Task inputs>
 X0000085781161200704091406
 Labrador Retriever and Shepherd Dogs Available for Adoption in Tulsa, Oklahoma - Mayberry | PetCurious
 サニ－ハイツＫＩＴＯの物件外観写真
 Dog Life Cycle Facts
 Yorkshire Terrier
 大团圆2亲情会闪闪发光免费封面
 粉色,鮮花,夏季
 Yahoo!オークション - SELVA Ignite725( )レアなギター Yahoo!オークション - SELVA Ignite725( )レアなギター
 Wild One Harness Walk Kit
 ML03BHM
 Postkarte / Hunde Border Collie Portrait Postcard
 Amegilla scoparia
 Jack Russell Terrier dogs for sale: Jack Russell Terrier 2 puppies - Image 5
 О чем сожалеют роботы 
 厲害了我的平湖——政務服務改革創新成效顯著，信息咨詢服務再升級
...
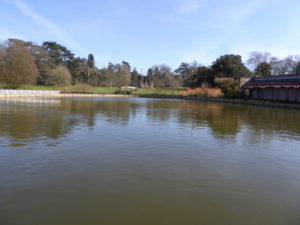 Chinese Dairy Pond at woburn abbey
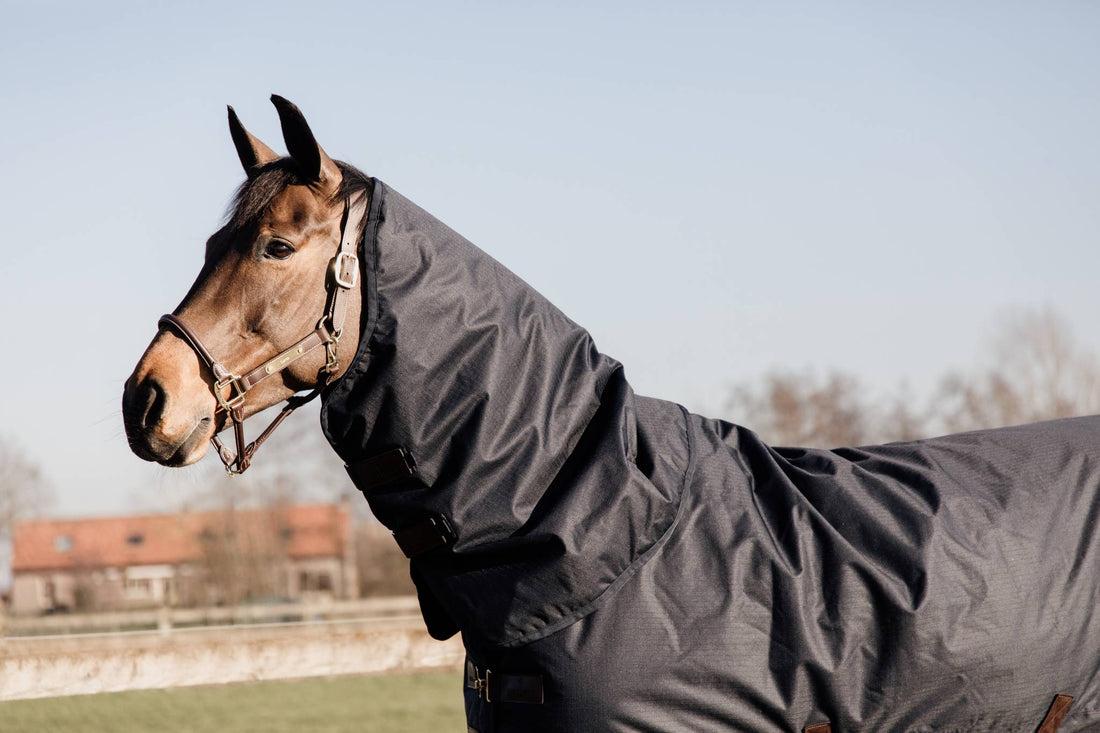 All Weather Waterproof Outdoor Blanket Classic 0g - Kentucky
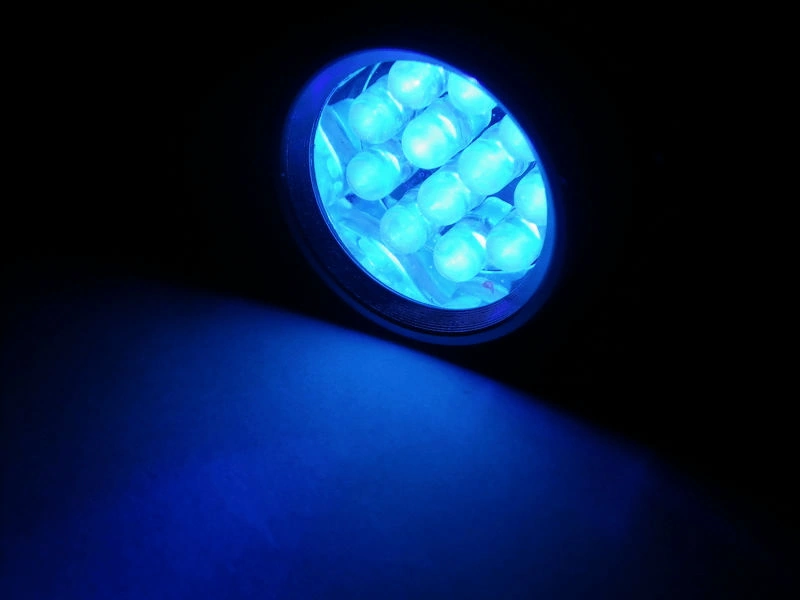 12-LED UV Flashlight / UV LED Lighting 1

Brief> Only one stretch of the records above is wanted: the lines between the one holding "X0000085781161200704091406" and the one holding "Wild One Harness Walk Kit", inclusive, reproduced exactly.

Answer space>
 X0000085781161200704091406
 Labrador Retriever and Shepherd Dogs Available for Adoption in Tulsa, Oklahoma - Mayberry | PetCurious
 サニ－ハイツＫＩＴＯの物件外観写真
 Dog Life Cycle Facts
 Yorkshire Terrier
 大团圆2亲情会闪闪发光免费封面
 粉色,鮮花,夏季
 Yahoo!オークション - SELVA Ignite725( )レアなギター Yahoo!オークション - SELVA Ignite725( )レアなギター
 Wild One Harness Walk Kit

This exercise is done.